Mike Wells, group chief executive of Prudential
The decoupling of Prudential from M&G Prudential in the UK will result in two separately-listed companies, which the life insurer expects will both be included in the FTSE 100 index.
As part of the deal, the life insurer giant will also be offloading its UK annuity business to Rothesay Life for £12bn ($16.8bn), using the proceeds to help fund the demerger.
Both are expected to complete by the end of 2019.
Prudential’s current group chief executive Mike Wells and M&G Prudential’s chief executive John Foley will continue to manage their respective parts of the business.

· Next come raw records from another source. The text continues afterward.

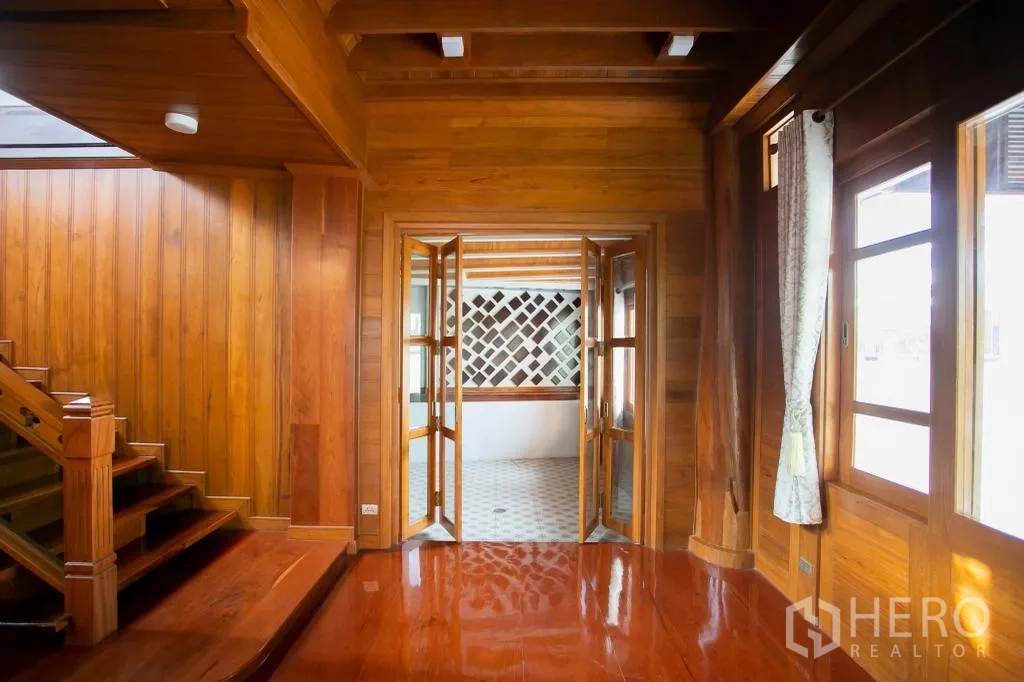 Detached House for rent or sale in Huai Khwang, Bangkok - Wooden hall opening via folding glass doors to a semi‑outdoor tiled area.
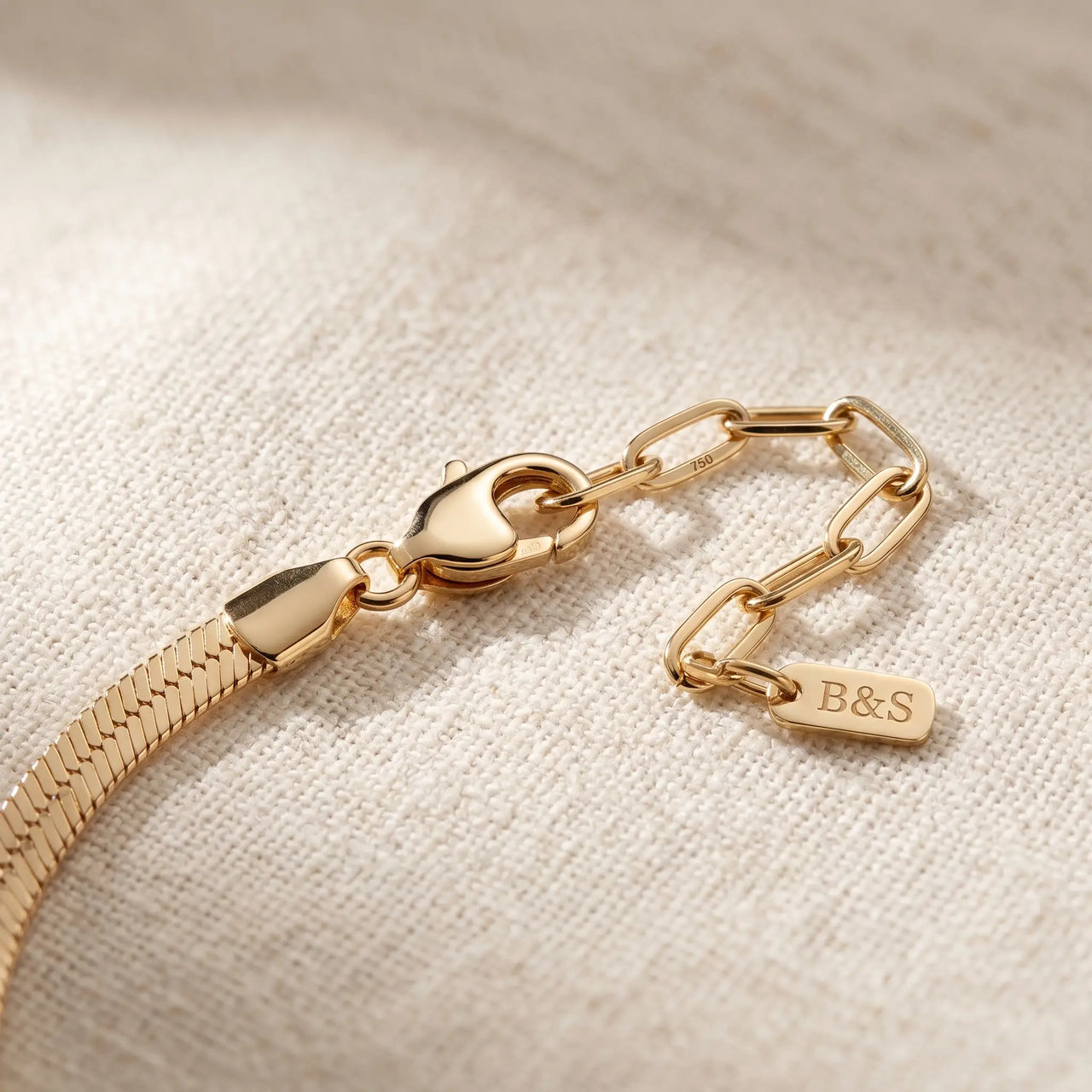 Layla gold anklet macro detail — lobster clasp + paperclip extension chain + B&S engraved metal tag on cream linen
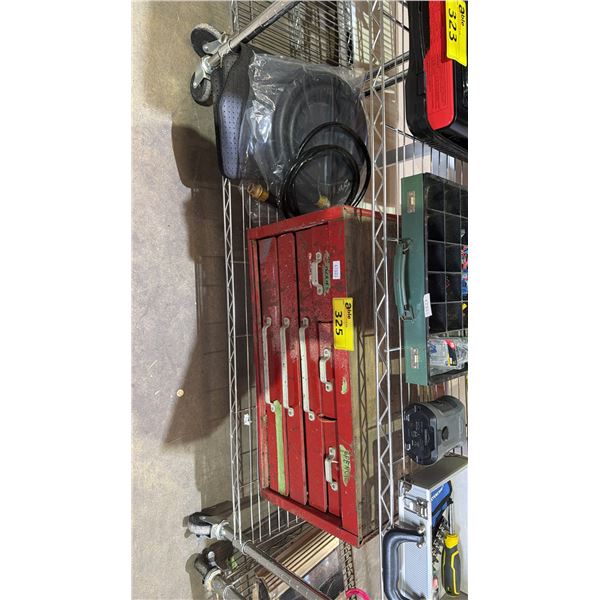 SHELF OF ASSORTED ITEMS INCLUDING TOOL BOX AND HOSE AND CAR MATS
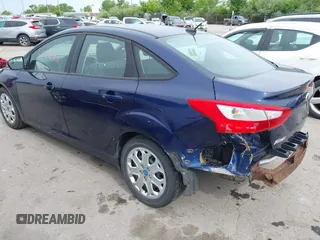 2012 Ford Focus SE with VIN 1FAHP3F21CL163449, listed as a IAAI auction lot 42296901 with 229,857 mi miles and . Bid and sale history available at DreamBid. Image 3.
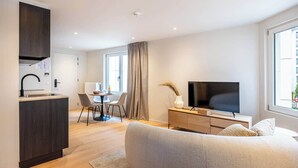 Ett modernt hotellrum med ett litet kök, en matplats, en stor säng, en TV och utsikt över staden.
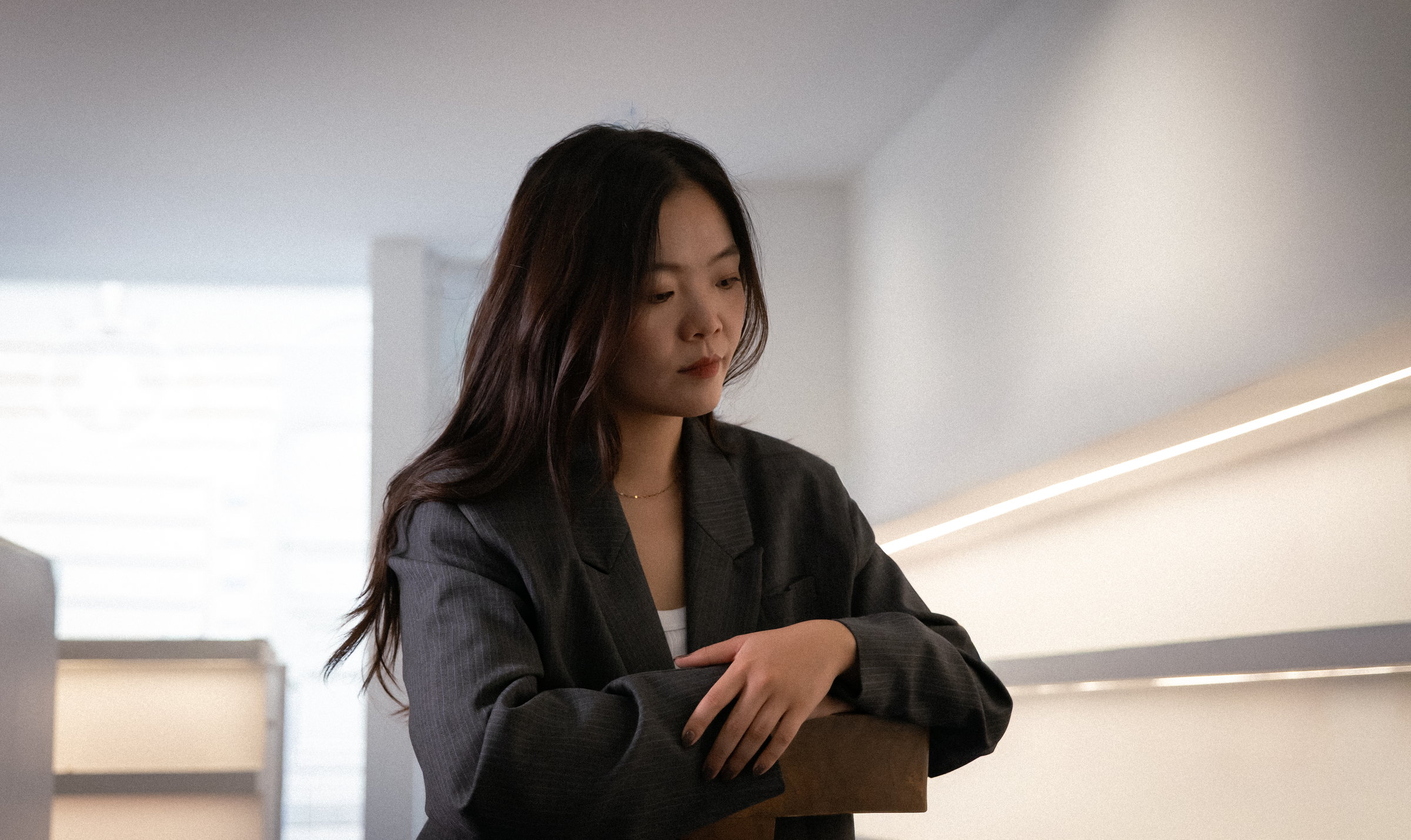 Nina Xu standing in a sunlit corridor, arms folded on a rail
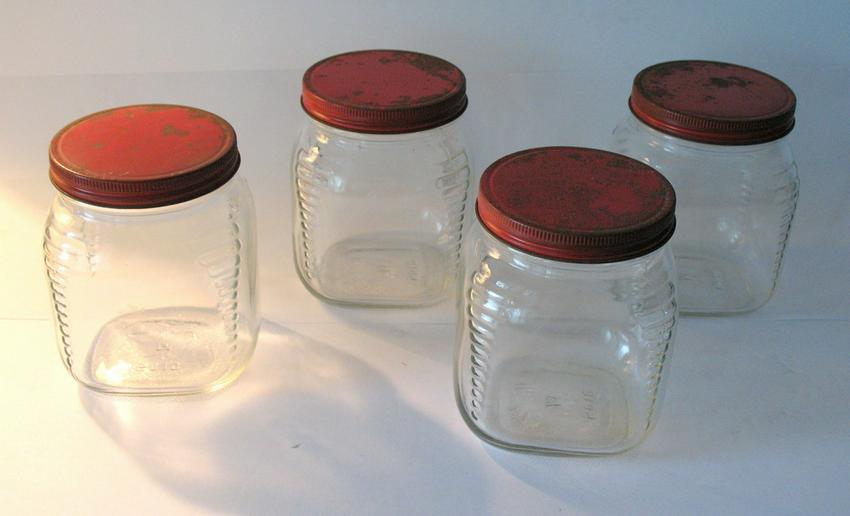 Group of four vintage country store seed jars. (1 of 2)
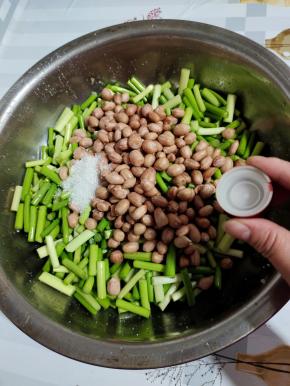 花生放凉后，倒入蒜苔里，加入一勺白糖（如果不喜欢放糖的也可以不加！），最后再加入一瓶盖高度白酒！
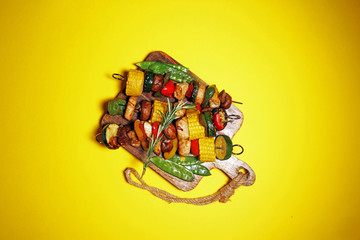 Assorted delicious grilled meat and skewer with vegetable on rustic table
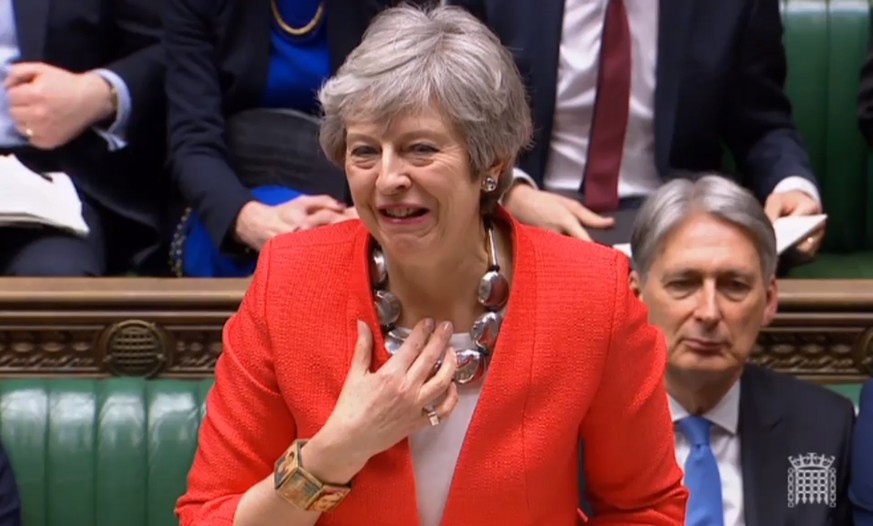 epa07431248 A grab from a handout video made available by the UK Parliamentary Recording Unit shows British Prime Minister Theresa May clears her throat as she begins her address during a debate at th ...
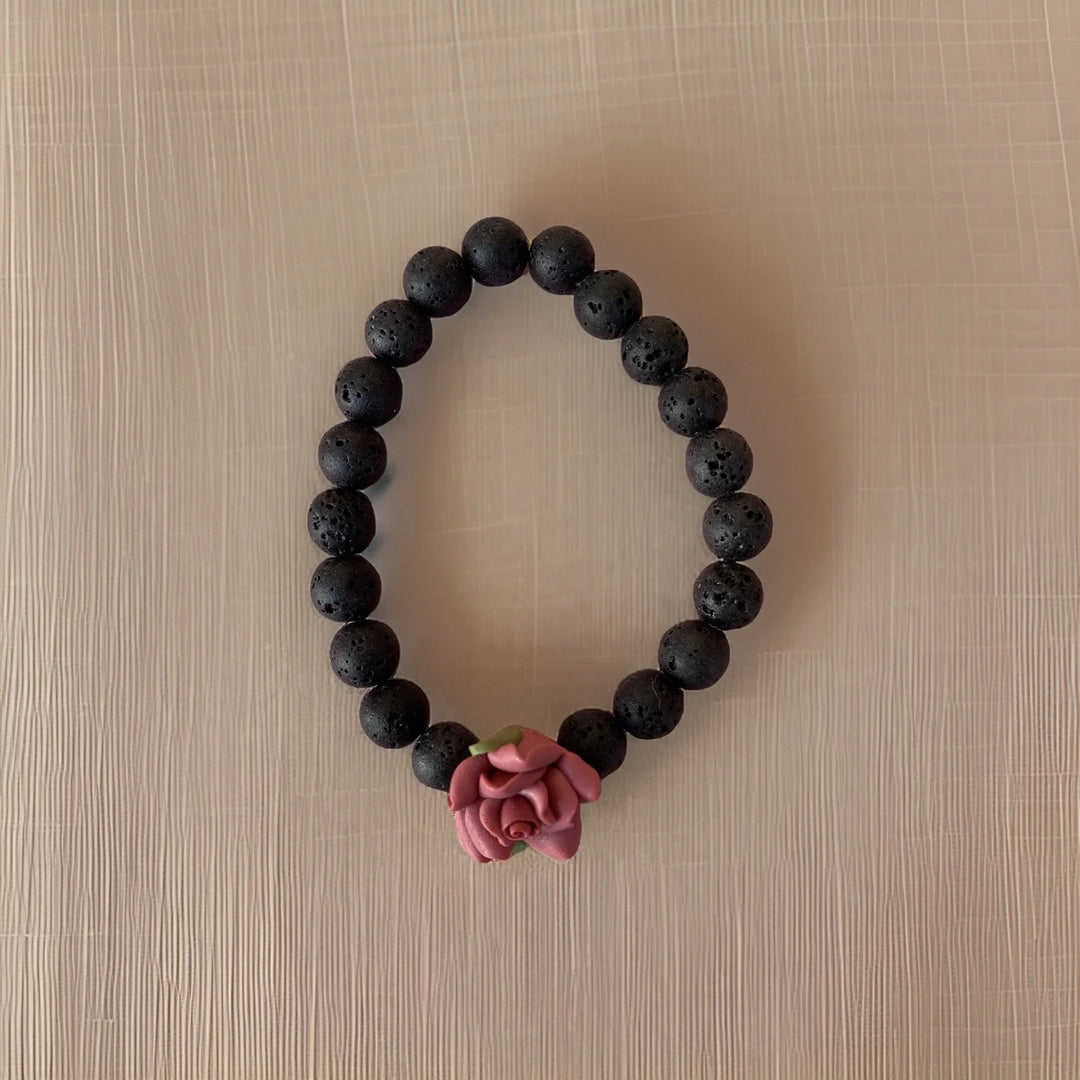 Black beaded bracelet with a pink rose charm on a beige surface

Wells said the separation will give M&G Prudential “more control over its business strategy and capital allocation” and allow both businesses to focus on their “distinct investment prospects”.
It will also help the UK part of the business “continue its transformation into a more capital-efficient and customer-focused business, targeting growing demand for comprehensive financial solutions”.
“This will enable it to play a greater role in developing the savings and retirement markets in the UK and Europe through two of the financial sector’s most trusted brands, while Prudential plc will be able to focus on the attractive returns and growth potential of its market-leading businesses in Asia and the US,” he explained.
Following the demerger, shareholders will be left with shares in both companies.
Prudential’s share price shot up 5% to 1915p on the back of the news.
The announcement accompanied the insurer’s full year results for 2017 where it reported a 10% rise in group operating profit to £4.7bn.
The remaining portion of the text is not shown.